Tuesday’s deadline was set by several Republican-led states to repeal DACA or face a lawsuit over what Congress views as the federal government’s failure to enforce immigration laws.
President Trump’s expected announcement will likely rally his base, specifically by emphasizing his broader campaign message about the importance of securing the border with tougher immigration laws. Ending DACA is likely to be one of the most contentious decisions set forth by the Trump administration—opposed by leaders of both parties and the political establishment more broadly.
The average DACA recipient is 22 years old, employed, and a student (AFP)
The White House and Congress not wanting to take ownership of ending DACA or backlash for the fate of the approximately 800,000 undocumented immigrants benefiting from DACA point fingers at each other. Though most Republicans believe that rolling back DACA is a solid legal decision, the process would set into motion issues surrounding the emotional strain and anxiety within the undocumented and Hispanic community. Utah Sen. Orrin Hatch joined Ryan in cautioning Trump against rolling back the program.
Senior White House aides met Sunday afternoon to discuss Trump’s decision to end DACA, which could likely ignite a political firestorm. By ending DACA, Trump is fulfilling one of his core campaign promises.
Trump has faced harsh criticism and warning from members of his party not to scrap the program.
Senior Republicans urging Trump not to end DACA
Several senior Republican are urging President Trump not to end DACA, the Obama-era executive order that protects about 800,000 undocumented immigrants who came to the U.S. as children from deportation. They’re also saying it’s time for Congress to pass legislation to protect the “DREAMERS.”
Speaker Paul Ryan: “These are kids who know no other country, who were brought here by their parents and don’t know another home. And so I really do believe there that there needs to be a legislative solution.”

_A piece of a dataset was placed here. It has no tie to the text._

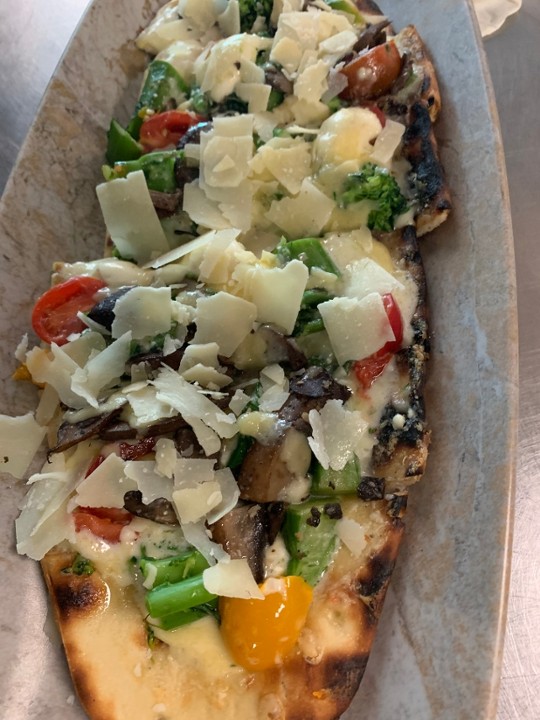 Herbivore Flatbread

Sen. Orrin Hatch: “We need a workable, permanent solution for individuals … who have built their lives here.”
Florida Gov. Rick Scott: “These kids must be allowed to pursue the American Dream, and Congress must act on this immediately.”

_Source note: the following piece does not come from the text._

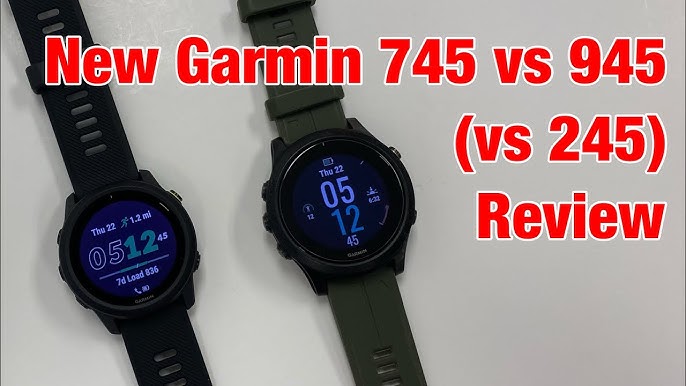 Garmin Forerunner Family Youtube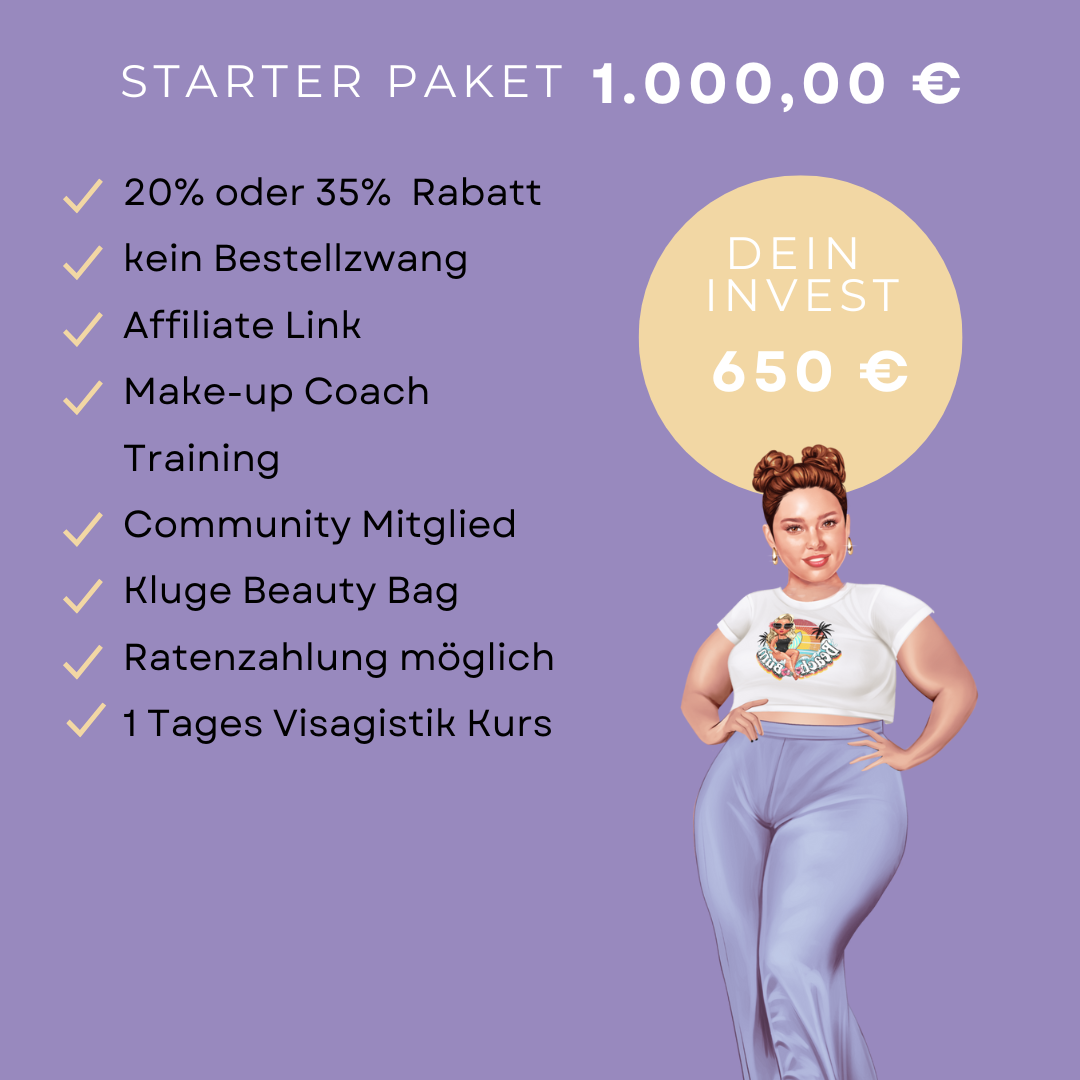 Starter Pakete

Sen. Jeff Flake: “Congress needs to take immediate action to protect DACA kids.”
Sen. Marco Rubio: “My hope is that as part of this process we can work on a way to deal with this issue and solve it through legislation, which is the right way to do it and the constitutional way to do it,” Rubio told CNN in June.
California is home to approximately 220,000 “Dreamers” more than any other state, putting those affected by Trump’s decision at risk for deportation—making the stakes even higher for the group of immigrants.
Attorney General Jeff Sessions, responsible for writing immigration law, reportedly helped persuade President Trump to terminate the program, according to White House aides, who also said that the president’s decision to end DACA was not set in stone until an official announcement is made.
The White House will delay the enforcement of Trump’s decision for six months, which would give Congress a window to act accordingly. A senior White House official said that chief of staff John Kelly, who has headed West Wing policy process on the issue, “thinks Congress should’ve gotten its act together a lot longer ago.”
Many on the right, even those who support protections for children entering the US illegally through no fault of their own, argue that DACA is unconstitutional because former President Barack Obama carried it out unilaterally instead of working through Congress.
Trump’s expected decision to scrap DACA presents another challenge for Ryan and fellow congressional Republicans, facing an end-of-September deadline to avert a government shutdown, government debt default and challenges with the Hurricane Harvey relief package, and a major tax reform push.
Trump’s decision to end the DACA program comes on the heels of White House press secretary, Sarah Huckabee Sanders, statement on Friday pointing out the decision has been weighing on the president, who in recent months has said, “the Dreamers should rest easy.”
“We love the Dreamers,” Trump said Friday when asked by a reporter if Dreamers should worry. “We love everybody.”
Trump has also faced pressure from Texas Attorney General Ken Paxton and several other Republican-led states to end the program before Sept. 5. In a letter to Sessions, Paxton said that if the program were rescinded by the deadline, the Republican-led states — which include Alabama, Arkansas, Kansas, Idaho, Louisiana, Nebraska, South Carolina and West Virginia, would drop threats of a lawsuit against the federal government. Critics say the program wrongfully rewards people who are in the country illegally, granting them de facto “amnesty.”
DACA implemented five years ago as an executive order under then-President Obama provided temporary deportation relief, work permits, and in some states, driver’s licenses to undocumented immigrants who entered the country illegally as children. Supporters considered Obama’s executive order at the time, as a stand-alone victory in the decades-long push for comprehensive immigration reform.